In 1985, Richard Walton published an article in the Harvard Business Review called ‘From Control to Commitment in the Workplace’, which popularised soft HRM as a distinctive approach to managing human resources. His argument was that effective HRM depends not on strategies for controlling employees but on strategies for winning employees’ commitment.

The Harvard model proposes that many of the diverse personnel and labour relations activities can be dealt with under four human resource (HR) categories: employee influence, human resource flow, reward systems and work systems. These are general issues that managers must attend to regardless of whether the organisation is unionised or not, whatever management style is applied, and whether it is a growing or declining business.
Employee influence
Employee influence is the question of how much responsibility, authority, and power is voluntarily delegated by management and to whom. One of the critical questions here is, if management share their influence, to what extent does this create compatibility (the word the authors used is ‘congruence’) of interests between management and groups of employees? The assumption the authors make is that any influence employees have should be compatible with management’s purpose and priorities.

Human resource flow
Human resource flow concerns managing the flow of people into, through, and out of the organisation. This means making decisions on recruitment and selection, promotion, termination of employment, and related issues of job security, career development, advancement, and fair treatment. Managers and personnel specialists, according to the Harvard model, must work together to ensure that the organisation has an appropriate flow of people to meet its strategic requirements.

Reward systems
Reward systems regulate how employees are extrinsically and intrinsically rewarded for their work. Extrinsic rewards are tangible pay and benefits: pay, overtime pay, bonuses, profit sharing, pensions, holiday entitlement, health insurance; and other benefits, such as flexible working hours. Intrinsic rewards are intangible benefits and are said to strongly influence employees’ motivation, job satisfaction, and organisational commitment. Intrinsic rewards are rewards from the work itself, such as sense of purpose, achievement, challenge, involvement, self-confidence, self-esteem, and satisfaction. The Harvard model recommends that employees should be highly involved in the design of an organisation’s reward systems but observes that final decisions, besides meeting employees’ needs, must be consistent with the overall business strategy, management philosophy, and other HRM policies.

Work systems
Work systems are the ways in which people, information, activities, and technology are arranged, at all levels of the organisation, so that work can be performed efficiently and effectively.

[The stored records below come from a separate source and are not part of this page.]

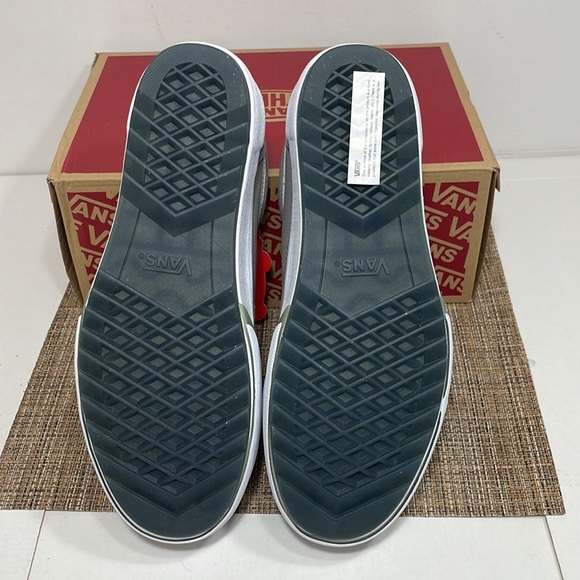 Vans Old Skool Stacked pastel Drizzle true white platform - Picture 6 of 10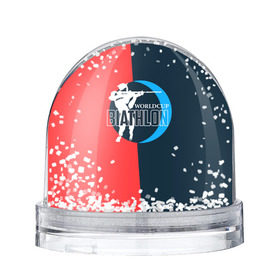 Снежный шар с принтом Biathlon worldcup в Екатеринбурге, Пластик | Изображение внутри шара печатается на глянцевой фотобумаге с двух сторон | biathlon | биатлон | гонка | зимний спорт | кубок мира | олимпиада | спорт | спринт | чемпионат | чемпионат мира | эстафета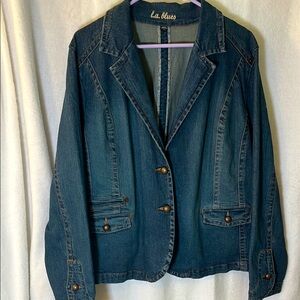 L.A. Blues Women's Denim Jacket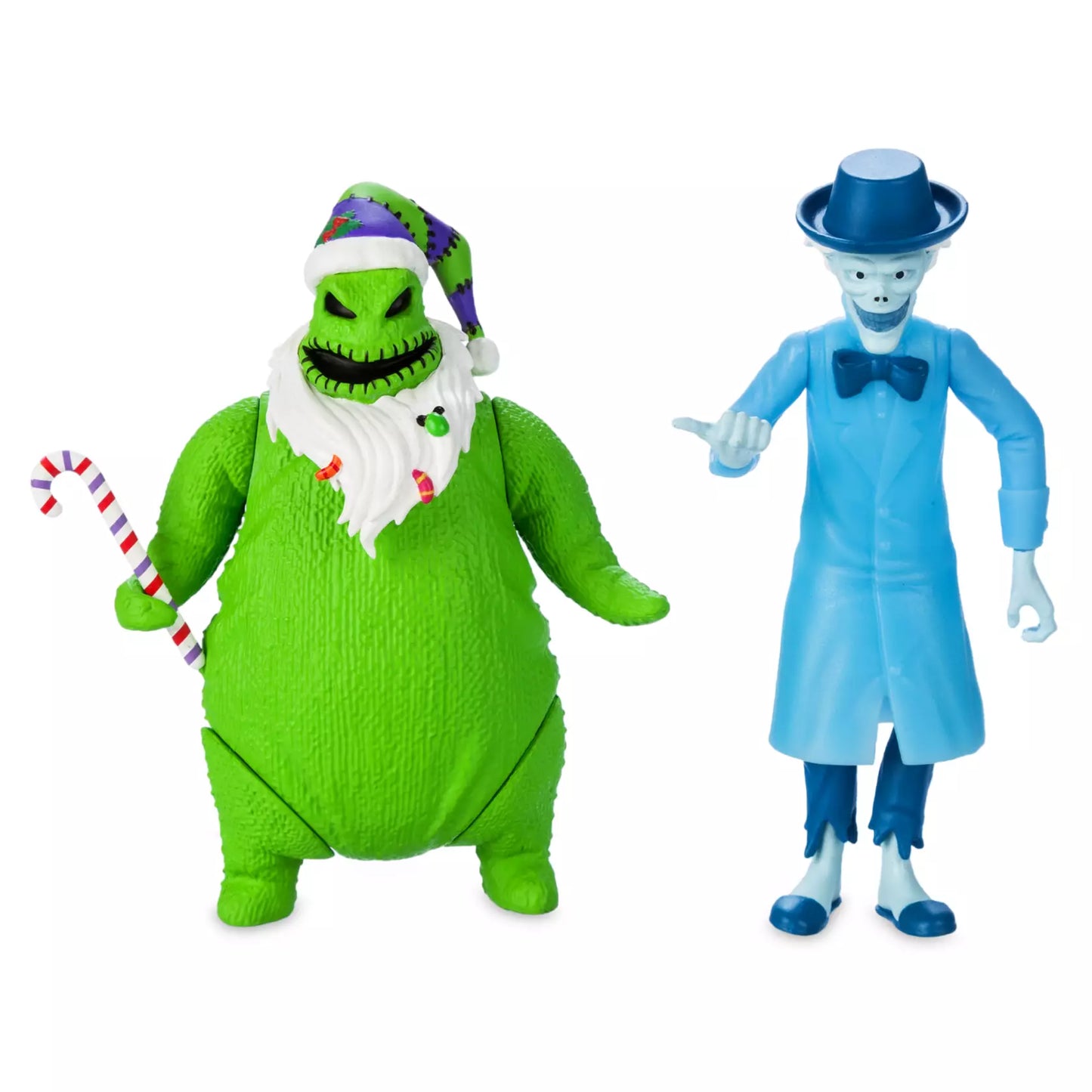 Oogie Boogie and Ezra Hitchhiking Ghost Action Figure Set by Super7 – The Haunted Mansion Holiday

Policies in these four areas must be designed and applied in a coherent manner because, Beer and his co-authors argue, HRM is considerably less likely to be effective where policies are disjointed, made up of odd combinations of past practices, and are ad hoc responses to outside pressures. The four policy areas must satisfy the many stakeholders of the enterprise – for example, shareholders, employees, customers, suppliers, communities, trade unions, trade associations, and government. Employees are major stakeholders of the enterprise and it is the responsibility of managers to establish systems that promote employee influence. Some people would say that managers do not consider enough how to facilitate employee influence: indeed, Beer et al. claim that, of the four issues discussed, employee influence is the central feature of an HR system, as illustrated in the triangle in Figure 2.2.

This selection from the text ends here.